Adélaïde de Savoie épouse en 1115 le roi Louis VI le Gros qui, à l'âge de 35 ans aspire à une vie calme.
Elle obtient de son mari de se retirer à l'abbaye de Montmartre qu'elle avait fondée avec son fils Louis VII : elle y meurt en 1154, et sa pierre tombale (voir photo) est visible en l'église Saint-Pierre-de-Montmartre.

 

 

 

Photo : Damien Mangin

 

L'abbé Suger, conseiller, historien et impulseur de l'art gothique

L'abbé Suger a laissé un triple héritage :

  • Un ministre avant l'heure, fidèle compagnon du roi

Suger est le compagnon d'étude de Louis VI et ce dernier l'implique dans la vie politique dès le début de son règne : dans sa quête pour étendre son domaine royal, le roi trouve un appui efficace en la personne de Suger.
Il occupe de très nombreuses fonctions :

  • chargé de missions diplomatiques auprès de souverains étrangers,
  • conseillé dans les grandes décisions ou durant les expéditions militaires,
  • il est aussi à l'origine du mariage de son fils Louis VII, futur roi de France, avec Aliénor d'Aquitaine en 1137.

En plus de ce rôle majeur avec Louis VI, il continuera à conseiller activement Louis VII : Suger assurera d'ailleurs une régence efficace lors de la 2ème croisade à partir de 1147.
Suger aura donc incontestablement joué un rôle de 1er plan dans le renforcement de l'autorité royale.

  • Un historien

Il est aussi à l'origine des "grandes chroniques de France", histoire officielle de la monarchie, dont il rédige le 1er volume : "la vie du roi Louis VI".
Il est donc à la source de l'écriture de l'histoire de France.

  • Un impulseur de l'art gothique avec la Basilique de Saint Denis

zoom

Suger est nommé à la tête de la prestigieuse Abbaye de Saint Denis en 1122, et est à l'origine de la nouvelle basilique de Saint-Denis en 1144 où se feront enterrer les rois de France.
Construite sous le mérovingien Dagobert au VIIe, l'église de Saint Denis menaçait ruine : le nouveau bâtiment, dont les travaux seront menés rapidement grâce au zèle pieu de la population voisine, bénéficiera de toutes les techniques modernes de l'époque.

Louis VI qualifiait Saint Denis de "chef et protecteur de la monarchie".

Le style gothique, qui naissait alors en ce milieu de XIIe, reçoit grâce à cette magnifique réalisation une impulsion définitive : on peut ainsi affirmer que la construction de la basilique de Saint Denis en 1144 marque le début du style gothique.
Cette Basilique, véritable nécropole accueillant les sépultures des rois de France, restera le monument symbolique de la monarchie française.

Zoom de la Basilique de Saint Denis

On peut noter qu'à cette époque se fixe une géographie symbolique du pouvoir royal :

  • Paris, lieu de dépôt des archives (Paris ne deviendra capitale que sous Philippe Auguste)
  • Reims, ville du sacre,
  • Saint-Denis, nécropole dynastique et lieu de rédaction de l'histoire royale.

Le développement des constructions religieuses

Depuis l'an mil, l'occident est animé par une fièvre de constructions religieuses : petites églises paroissiales, quasiment chaque village en fera construire une, monastères ou cathédrales au sein desquelles les évêques dirigent leurs diocèses.
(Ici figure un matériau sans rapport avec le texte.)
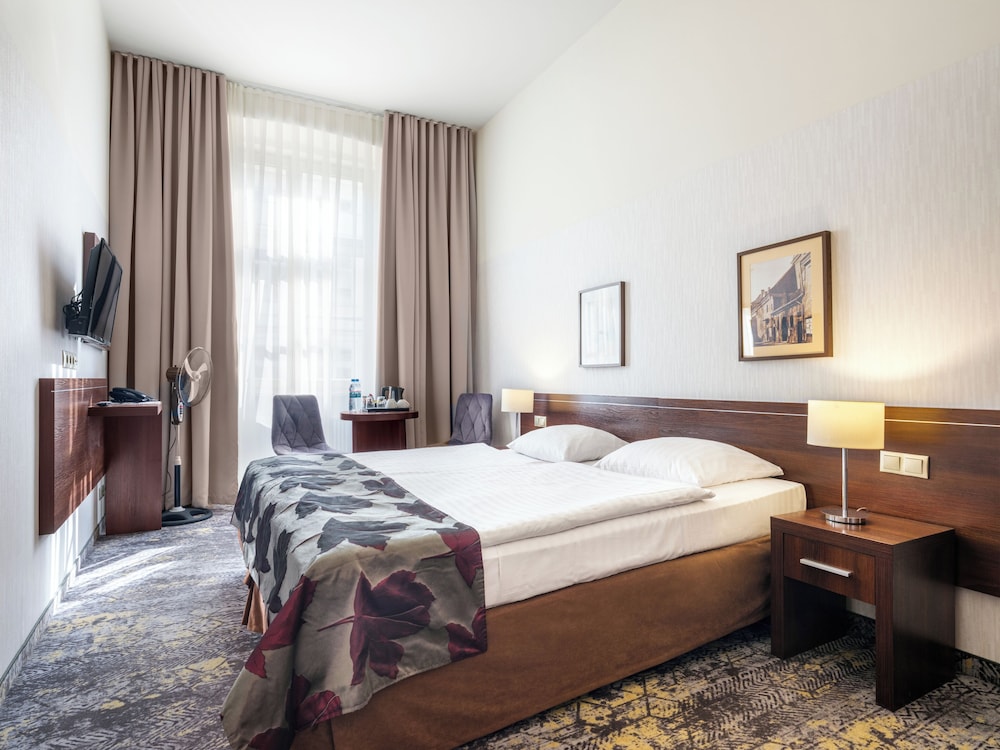 Hotel Rezydent — Hotel rooms in Krakow, Lesser Poland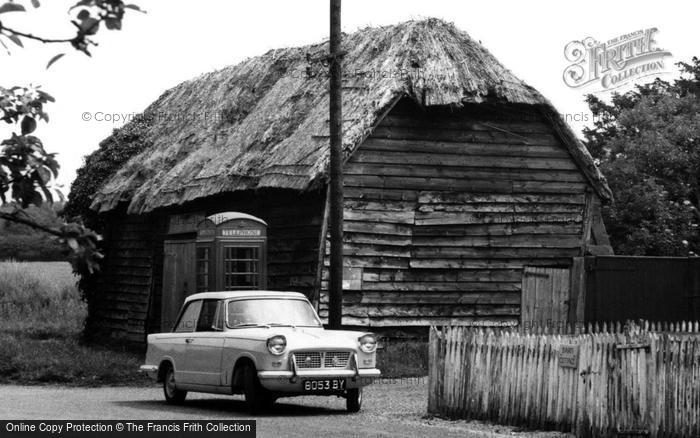 Photo of Hartley Wespall, Old Thatched Barn c.1960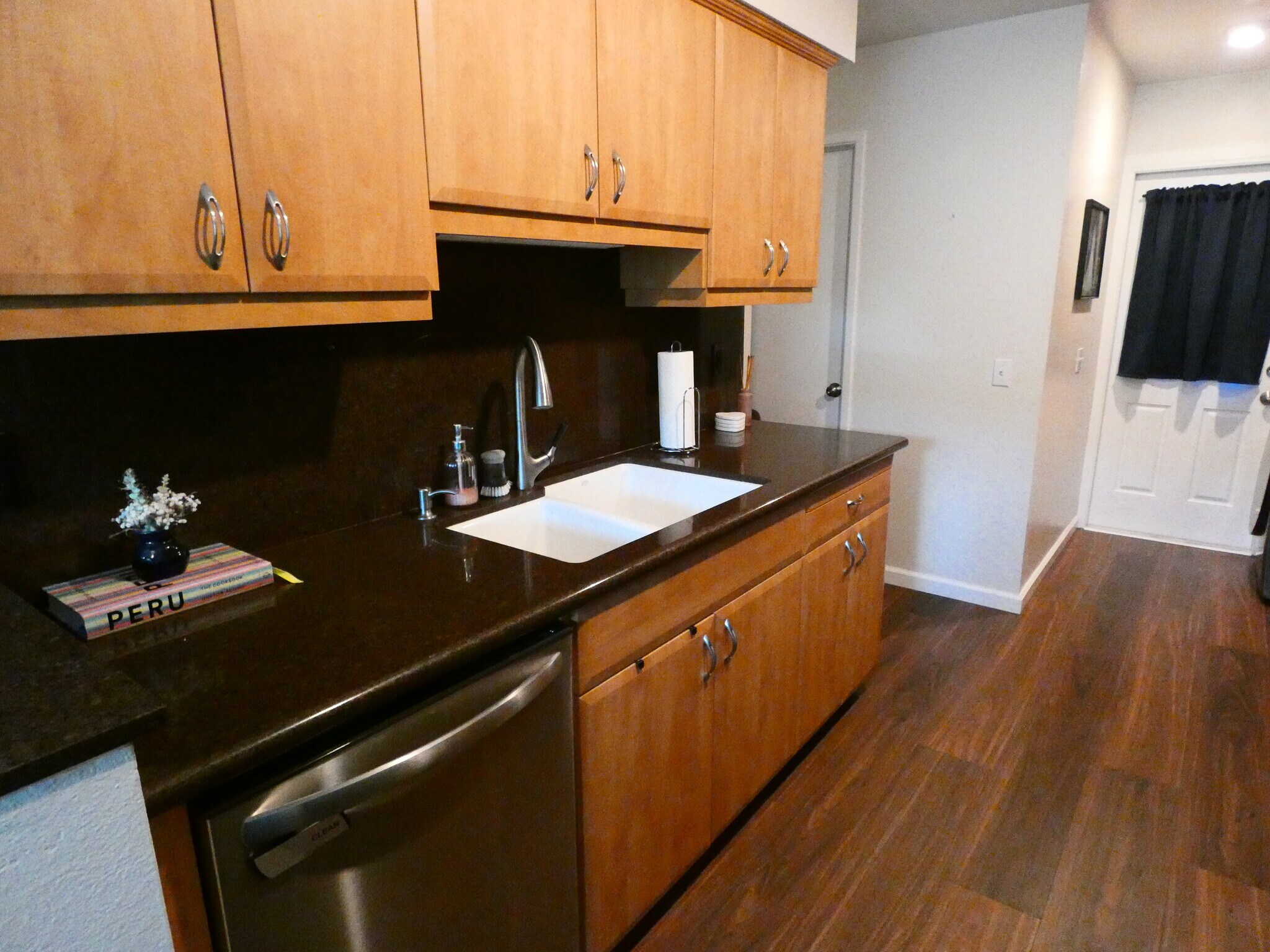 Kitchen - 12133 Wilsey Way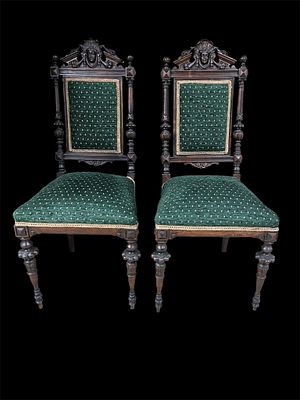 Парные резные стулья из ореха Европа 19 век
La cause en est la ferveur de l'époque où tout le monde est croyant.
En 3 siècles, de 1050 à 1350, la France voit s'édifier 80 cathédrales, 500 grandes églises et des dizaines de milliers de petites églises.

Un moine bourguignon écrit à ce sujet : " j'ai vu le monde se secouer pour dépouiller sa vétusté et revêtir de toutes parts un blanc manteau d'églises ".

  • Art Roman :

Durant les XI et XIIe, l'art roman (le nom vient des langues romanes qui se développent à la même époque) s'exprime avec ses murs pleins et épais pour des raisons de solidité : cet art a laissé son emprunte jusque dans les plus petits villages. La sculpture et la peinture murale se développent, mais le décor sculpté reste relativement peu présent. Le transept se développe progressivement, dessinant ainsi au sol une croix plus marquée.
Les constructions sont donc trapues et ténébreuses, conformes à l'idée que l'on se fait de Dieu, impitoyable juge.
L'ordre de Cluny créé en 909 est en plein essor aux XIe et XIIe siècle : il y aura plus de 1000 abbayes filles de Cluny en 1100, toutes exploitant le style roman.

  • Art Gothique :

Le renouveau économique, spirituel et technique des XIIe et XIIIe siècles est à l'origine du renouvellement architectural avec le style gothique et sa recherche de légèreté et de luminosité. Toutefois, le gothique cohabitera avec l'art roman durant deux siècles.


Voûte romane :
le poids repose sur les murs
qui doivent être épais

Voûte gothique sur
croisée d'ogives
,
faisant porter le poids sur les piliers

Le principe de la croisée d'ogives (arc légèrement brisé) est à la base de ce style car il permet au poids de la voûte de porter sur les piliers et non les murs.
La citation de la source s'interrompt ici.